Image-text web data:
______________________________

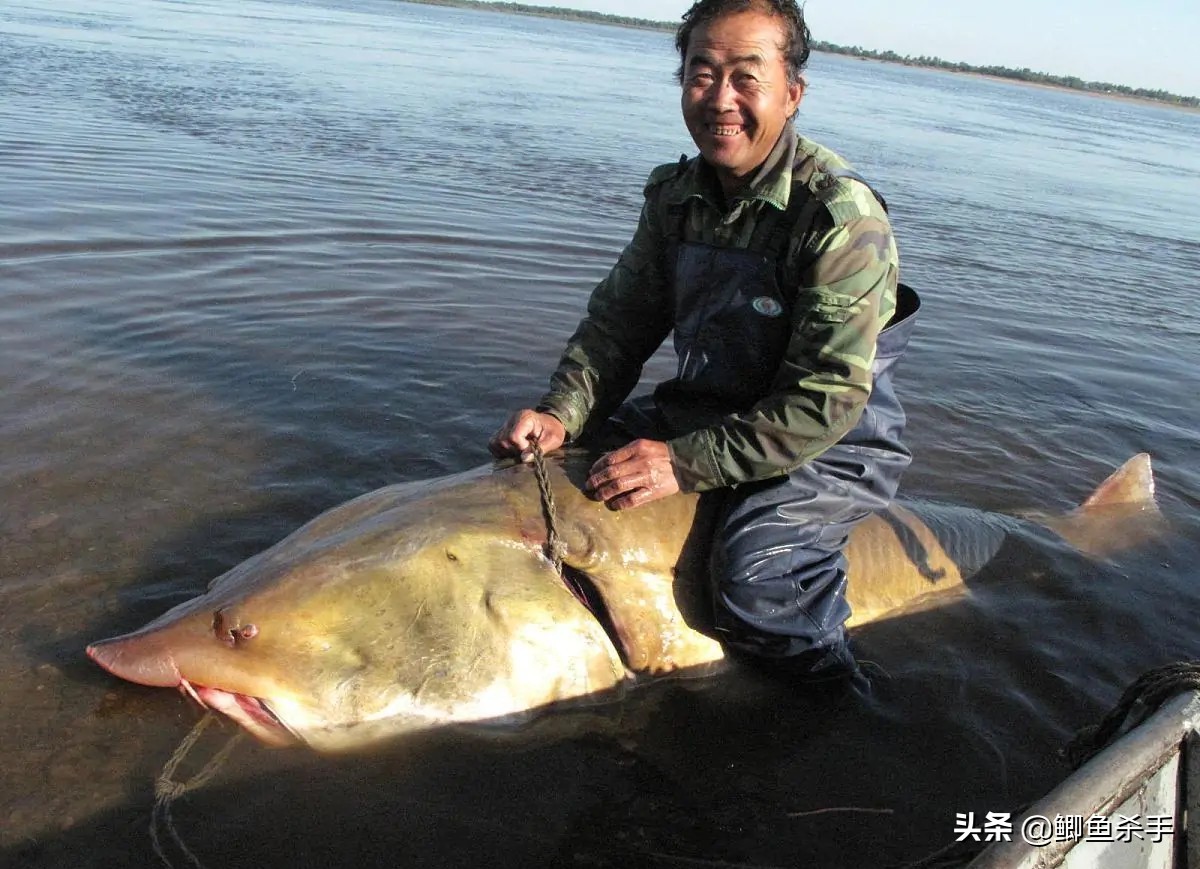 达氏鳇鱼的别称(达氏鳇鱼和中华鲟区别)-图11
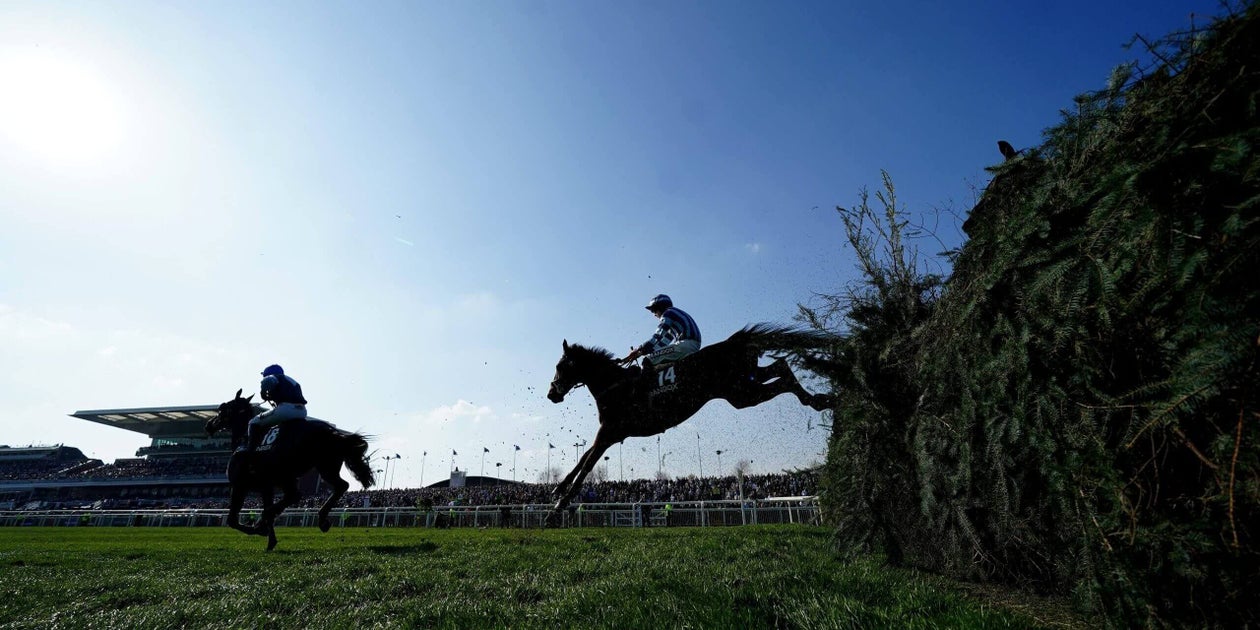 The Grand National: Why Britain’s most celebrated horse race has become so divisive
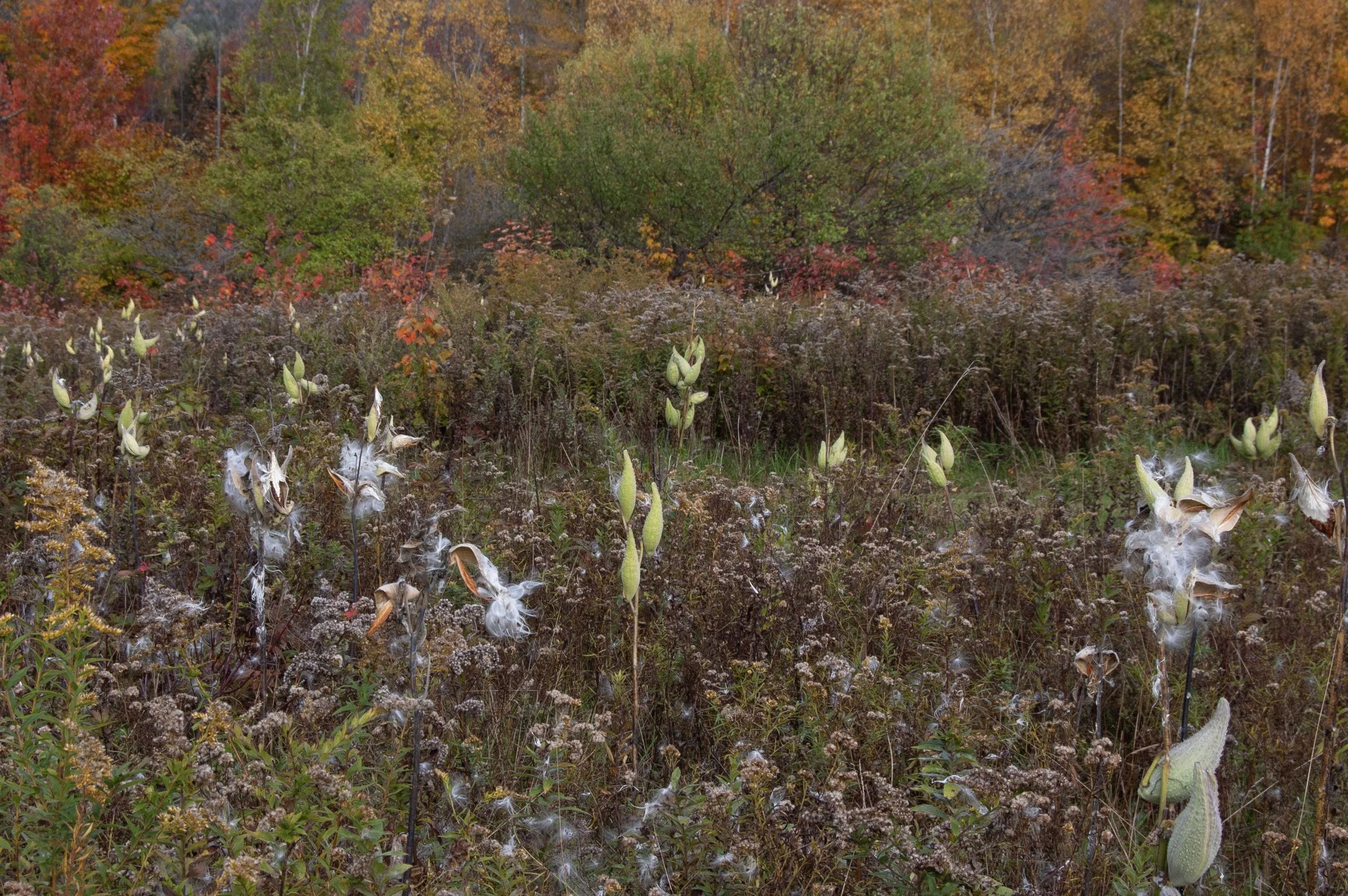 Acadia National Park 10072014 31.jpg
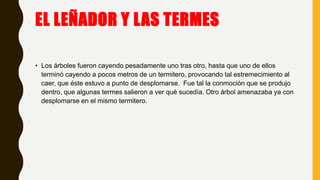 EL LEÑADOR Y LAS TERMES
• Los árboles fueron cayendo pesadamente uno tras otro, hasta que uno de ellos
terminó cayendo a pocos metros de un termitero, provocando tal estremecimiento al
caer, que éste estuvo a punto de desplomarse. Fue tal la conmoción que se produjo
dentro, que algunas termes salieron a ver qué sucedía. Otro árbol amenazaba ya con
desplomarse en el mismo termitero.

______________________________

» Exercise instructions
Would you restate the records above word for word and exclude the pictures?

» Written solution
 达氏鳇鱼的别称(达氏鳇鱼和中华鲟区别)-图11
 The Grand National: Why Britain’s most celebrated horse race has become so divisive
 Acadia National Park 10072014 31.jpg
 EL LEÑADOR Y LAS TERMES
• Los árboles fueron cayendo pesadamente uno tras otro, hasta que uno de ellos
terminó cayendo a pocos metros de un termitero, provocando tal estremecimiento al
caer, que éste estuvo a punto de desplomarse. Fue tal la conmoción que se produjo
dentro, que algunas termes salieron a ver qué sucedía. Otro árbol amenazaba ya con
desplomarse en el mismo termitero.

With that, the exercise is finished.